Sometimes depression comes up again, now adays I rationalize it. It is my brain telling me my current path is unrealistic, I will fail and that I am a burden to society. Time/practice of a skill is the ultimate determination of realism. Failing is the reault of not preparing for obstacles and not looking for opportunities. Being a burden is only official when I stop thinking, stop talking, stop bringing emotions to other people and stop pushing for what I want.

To be homest, most of my interactions with depression are micro aggressions. Last month I got severely depressed. But that also comes about when there are promises I cannot keep. Which leads me to say, this may or may not be the correct road but It has helped me.

1 comments

Are you sure you're not bipolar? I thought I suffered from depression for 20 years until I finally figured out I was actually bipolar. The portrayal of bipolar in the media and the zeitgeist about it are not reflective of what it looks like, or feels like, in reality.

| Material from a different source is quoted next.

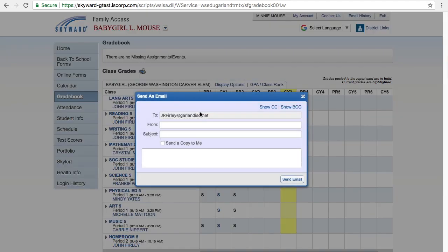Clicking on the teacher name will display that teacher's Garland ISD email address. Click on the email address to open a box that will allow you to message the teacher directly from Skyward.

More so, the prevalence of "bipolar 2" (depression + hypomania, not full on mania) is much greater than bipolar 1, but poorly understood by the public at large. There are a lot of tropes about bipolar that just aren't true. That you have tons and tons of energy like you're on meth, that you act "crazy" when you're manic, that you're ludicrously "happy" when manic/hypomanic, that phases come and go at random. None of that bore a resemblance to my life, so I never knew. For me bouts of hypomania always just felt like periods where I had just found something to work on and somehow had managed to maintain focus on it for a while, they're periods of productivity or enthusiasm, often about new things. And only rarely would I describe them as periods of happiness, when you're depressed for so long it can be difficult to even know what it feels like to be happy, and you can spend time in a hypomanic state without being notably happy.

But I noticed that there are times when my sleep schedule is very different (easily masked because I have a sleep disorder as well which makes it difficult to maintain a consistent schedule), times when I am very chatty, times when I'm very focused on a project or game or activity (focus on goal oriented activities), times when I feel a sense of inflated self-esteem or grandiosity, times of increased risk taking, and so on. I just always saw these things as aspects of my personality, and things that I'd been able to leverage for my own benefit or, usually, keep under control.

Here's a list of symptoms: https://en.wikipedia.org/wiki/Bipolar_II_disorder#Hypomanic_...

What you wrote and the article are spot on to my symptoms. I often pass off my intense excitement as a personality trait and have rarely met anyone similar. I often relate bi polar to uncontrollable changes while my changes are very reasonable and often predictable though prolonged and intense. I appreciate you sharing this information with me
My belief is that the symptoms of bipolar ARE part of your personality. They aren't good or bad, they just are. But you can't let them get the best of you. You have to recognize them and work to negate them.